The term Nawab of Pataudi refers to the lineage of rulers of the former princely Pataudi State in Northern India. Pataudi was established in 1804 by the British East India Company, when Faiz Talab Khan, an Afghan Muslim Pashtun of the Barech tribe, who was made the first Nawab, aided them in their battle against the Maratha Empire, during the Second Anglo-Maratha War.

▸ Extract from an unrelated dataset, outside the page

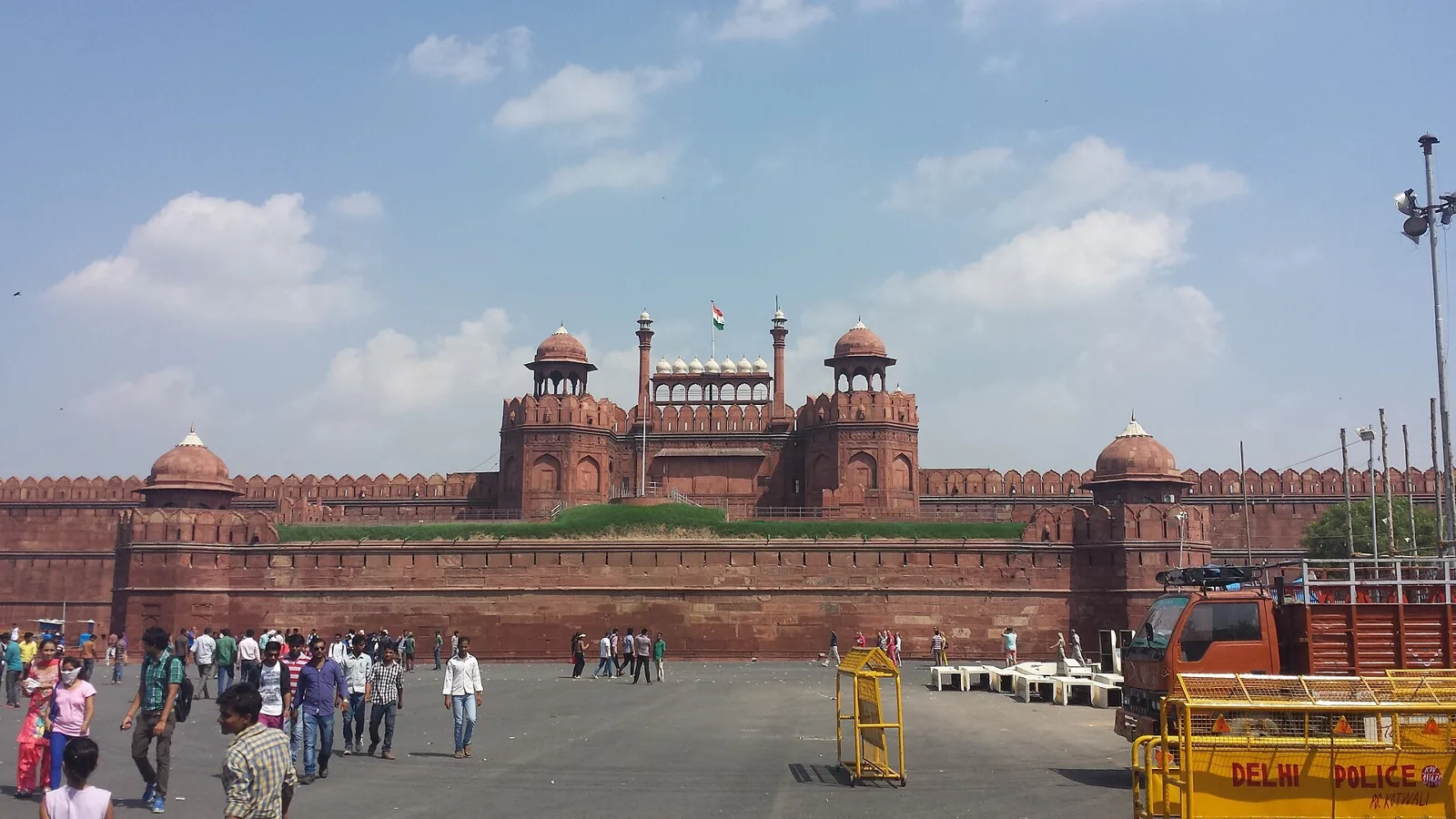 Red sandstone walls and the Lahori Gate of the Red Fort in Delhi with visitors in the forecourt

The family traces their origin to 16th century India, when their ancestors immigrated from present day Afghanistan to India during the period of the Lodi dynasty.
 
The 8th Nawab of Pataudi, Iftikhar Ali Khan Pataudi, played first-class cricket for both England and India while his son, Mansoor Ali Khan Pataudi, the last Nawab, captained the Indian cricket team.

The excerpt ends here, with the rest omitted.